EDIT: Make sure to check the comment from @FallenAngel at the bottom and check for security risks in your code!

As Gordon mentioned, you should use a WHERE clause to make things easier. Like so:

import re

import MySQLdb

db = MySQLdb.connect(host="127.0.0.1", user="root", passwd="", db="sakila")

cur = db.cursor()

search = raw_input("Enter username: ")

user_regex =  # input a regex here to make sure the username matches a format which avoids SQL injection.

if re.search(user_regex, search):

    query = ("SELECT password FROM staff WHERE username = %%s", (search,)) #  add a WHERE clause

    cur.execute(query)

    results = cur.fetchall()

else:
    results = None

if results:  # Now we just need to check if the queryset is empty or not.
    print("username found")
else:
    print("invalid username")

db.close()

General rule of thumb is to try and make SQL do the searching for things, it’s built for it so will be faster than Python.

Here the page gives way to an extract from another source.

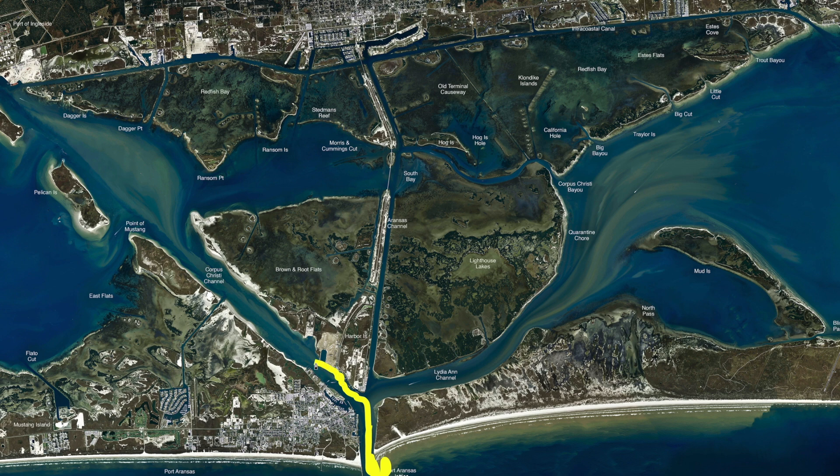If you move on past these ferries, right over here in this area right by these walls, there's been some nice redfish, trout, drum. We've caught pompano and a few hardheads, all on shrimp. So get out there and get after it.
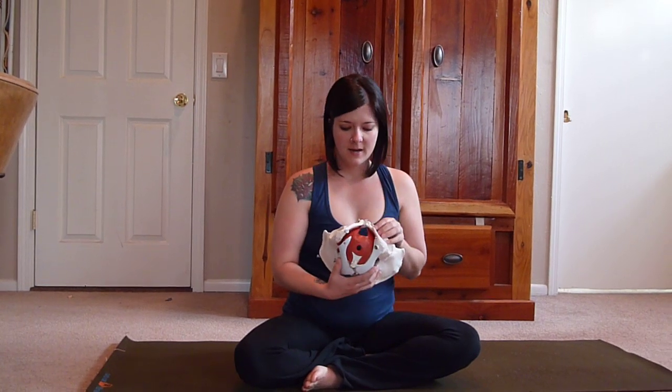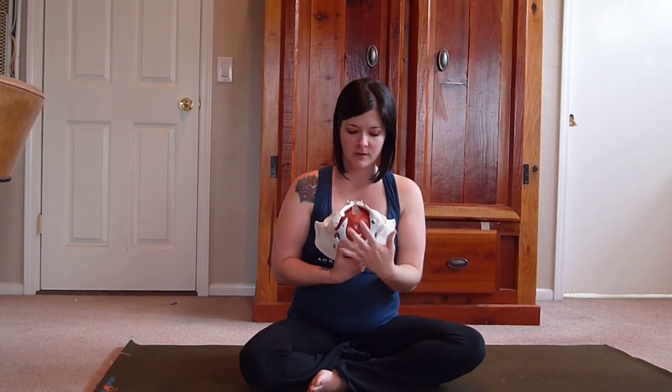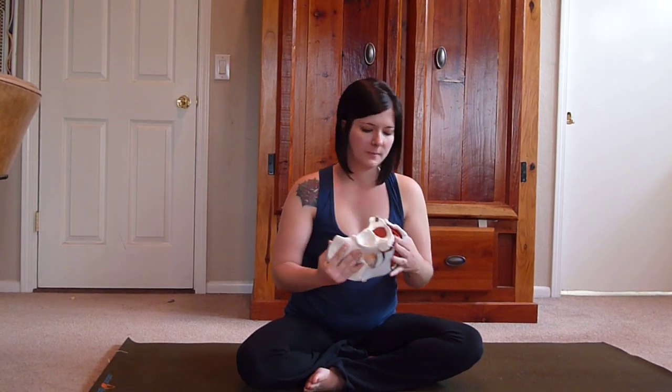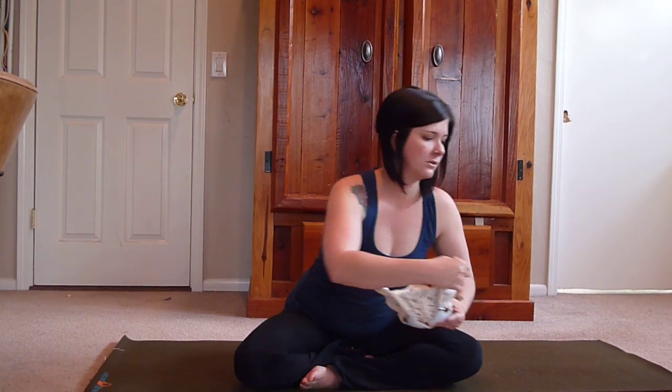Hi everyone, this is Candice Garrett and today we're doing a video on what are called diamonds. This is an exercise that will help you feel the levator ani, which is the innermost layer of musculature within the pelvis. It's the hardest to access, it's a little subtle, but once you find it it's not too difficult.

Make sure your username column is a primary key (or a unique one at least) so you don’t have duplicates.

EDIT: Based on @FallenAngels point, you shouldn’t directly inject user input into an SQL query as it would expose you to SQL injection.

EDIT2:

First note that we are no longer using "%s" % var formatting for this solution as it is unsafe! Instead we are using “%s”, (var,) formatting which is for db queries.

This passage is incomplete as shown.